Extracted material.
>>>>

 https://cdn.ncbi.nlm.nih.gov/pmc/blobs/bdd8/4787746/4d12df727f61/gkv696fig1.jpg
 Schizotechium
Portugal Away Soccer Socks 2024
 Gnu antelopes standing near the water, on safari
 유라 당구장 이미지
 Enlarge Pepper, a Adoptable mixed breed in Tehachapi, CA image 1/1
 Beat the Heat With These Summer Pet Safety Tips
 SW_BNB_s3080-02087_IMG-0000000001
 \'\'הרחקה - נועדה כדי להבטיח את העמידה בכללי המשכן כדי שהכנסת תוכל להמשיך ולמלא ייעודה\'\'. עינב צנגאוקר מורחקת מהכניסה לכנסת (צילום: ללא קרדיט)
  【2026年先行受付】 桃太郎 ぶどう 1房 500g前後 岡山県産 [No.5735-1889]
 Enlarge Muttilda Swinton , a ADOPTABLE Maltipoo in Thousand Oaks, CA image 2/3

<<<<
>>>>

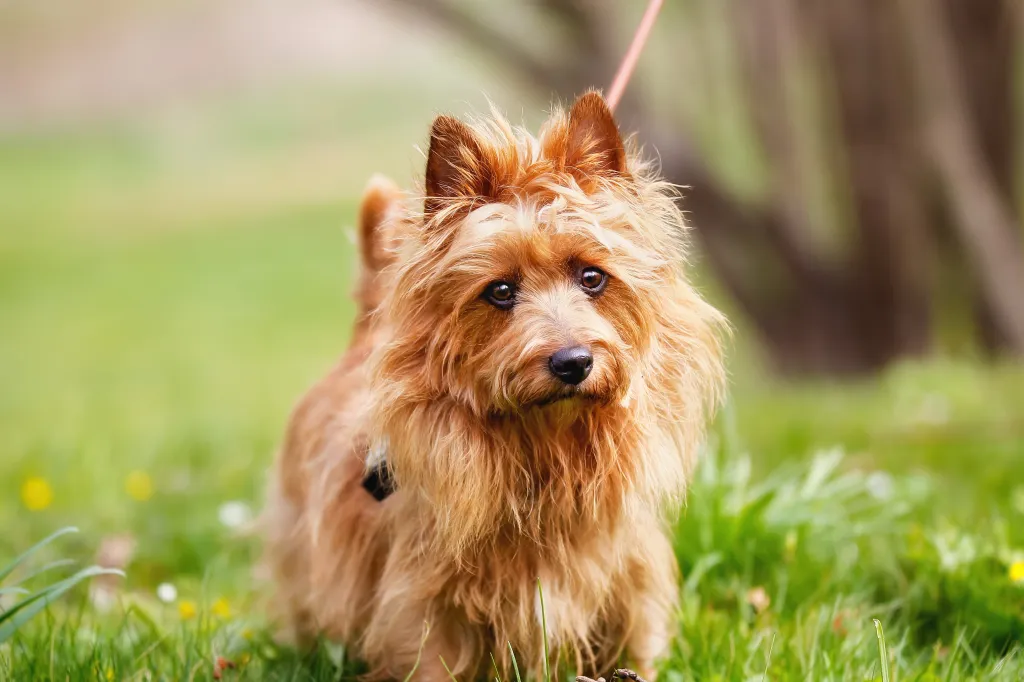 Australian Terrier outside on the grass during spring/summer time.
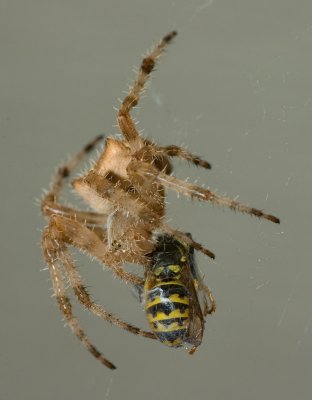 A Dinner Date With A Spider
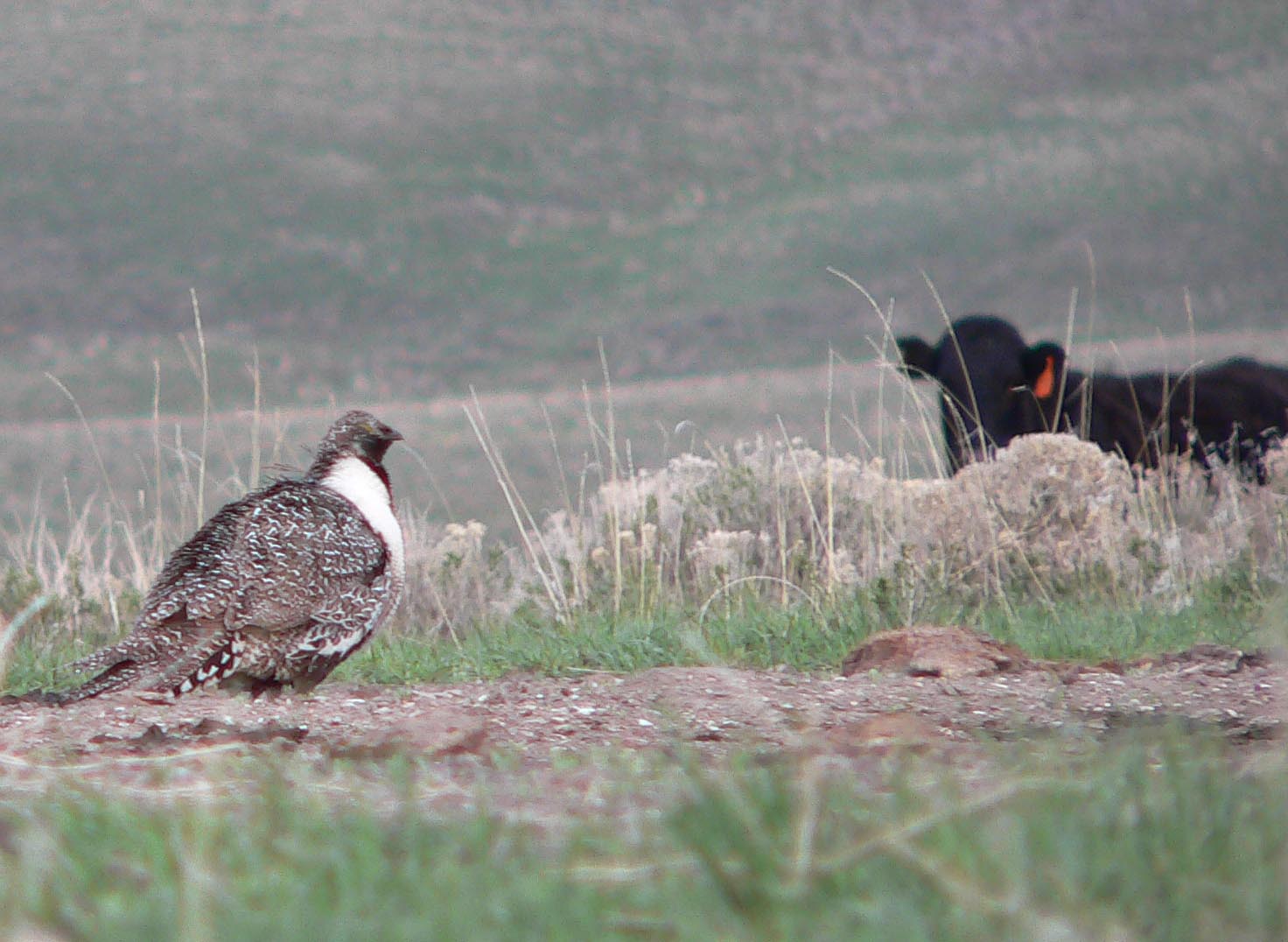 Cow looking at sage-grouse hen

<<<<
>>>>

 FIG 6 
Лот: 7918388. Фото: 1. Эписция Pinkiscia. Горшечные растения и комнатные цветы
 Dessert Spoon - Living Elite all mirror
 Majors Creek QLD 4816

<<<<

Instructions to follow. Return the lines containing "Enlarge", taking each one from the listing.

Answer to this task.
 Enlarge Pepper, a Adoptable mixed breed in Tehachapi, CA image 1/1
 Enlarge Muttilda Swinton , a ADOPTABLE Maltipoo in Thousand Oaks, CA image 2/3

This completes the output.